TASK OBJECTIVE
Output, exactly and alone, the lines from the one containing "<lora:Mike_Deodato_Style-11:.8> Deodato, mary" through the last line of the material below, both ends included.

SOURCE DATA
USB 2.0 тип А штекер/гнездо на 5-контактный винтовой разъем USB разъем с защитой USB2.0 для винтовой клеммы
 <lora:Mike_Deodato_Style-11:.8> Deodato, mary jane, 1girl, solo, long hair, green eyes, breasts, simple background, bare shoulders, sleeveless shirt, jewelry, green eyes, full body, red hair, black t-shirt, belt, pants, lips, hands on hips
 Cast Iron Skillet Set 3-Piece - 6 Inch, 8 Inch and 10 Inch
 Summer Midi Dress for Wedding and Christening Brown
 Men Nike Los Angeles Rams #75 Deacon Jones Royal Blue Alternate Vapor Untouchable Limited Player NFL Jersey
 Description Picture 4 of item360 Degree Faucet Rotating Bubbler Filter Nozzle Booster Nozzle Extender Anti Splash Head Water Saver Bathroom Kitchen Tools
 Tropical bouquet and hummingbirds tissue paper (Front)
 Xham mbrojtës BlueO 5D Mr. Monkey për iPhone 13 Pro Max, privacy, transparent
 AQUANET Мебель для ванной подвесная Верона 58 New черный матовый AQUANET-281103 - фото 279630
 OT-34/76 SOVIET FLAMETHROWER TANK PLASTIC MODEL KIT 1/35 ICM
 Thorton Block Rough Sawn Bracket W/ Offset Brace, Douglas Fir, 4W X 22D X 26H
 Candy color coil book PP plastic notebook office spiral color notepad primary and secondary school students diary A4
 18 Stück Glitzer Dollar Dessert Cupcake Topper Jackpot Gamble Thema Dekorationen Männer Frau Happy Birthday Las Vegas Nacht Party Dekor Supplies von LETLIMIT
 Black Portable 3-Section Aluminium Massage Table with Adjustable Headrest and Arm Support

ANSWER FOR THIS EXERCISE
 <lora:Mike_Deodato_Style-11:.8> Deodato, mary jane, 1girl, solo, long hair, green eyes, breasts, simple background, bare shoulders, sleeveless shirt, jewelry, green eyes, full body, red hair, black t-shirt, belt, pants, lips, hands on hips
 Cast Iron Skillet Set 3-Piece - 6 Inch, 8 Inch and 10 Inch
 Summer Midi Dress for Wedding and Christening Brown
 Men Nike Los Angeles Rams #75 Deacon Jones Royal Blue Alternate Vapor Untouchable Limited Player NFL Jersey
 Description Picture 4 of item360 Degree Faucet Rotating Bubbler Filter Nozzle Booster Nozzle Extender Anti Splash Head Water Saver Bathroom Kitchen Tools
 Tropical bouquet and hummingbirds tissue paper (Front)
 Xham mbrojtës BlueO 5D Mr. Monkey për iPhone 13 Pro Max, privacy, transparent
 AQUANET Мебель для ванной подвесная Верона 58 New черный матовый AQUANET-281103 - фото 279630
 OT-34/76 SOVIET FLAMETHROWER TANK PLASTIC MODEL KIT 1/35 ICM
 Thorton Block Rough Sawn Bracket W/ Offset Brace, Douglas Fir, 4W X 22D X 26H
 Candy color coil book PP plastic notebook office spiral color notepad primary and secondary school students diary A4
 18 Stück Glitzer Dollar Dessert Cupcake Topper Jackpot Gamble Thema Dekorationen Männer Frau Happy Birthday Las Vegas Nacht Party Dekor Supplies von LETLIMIT
 Black Portable 3-Section Aluminium Massage Table with Adjustable Headrest and Arm Support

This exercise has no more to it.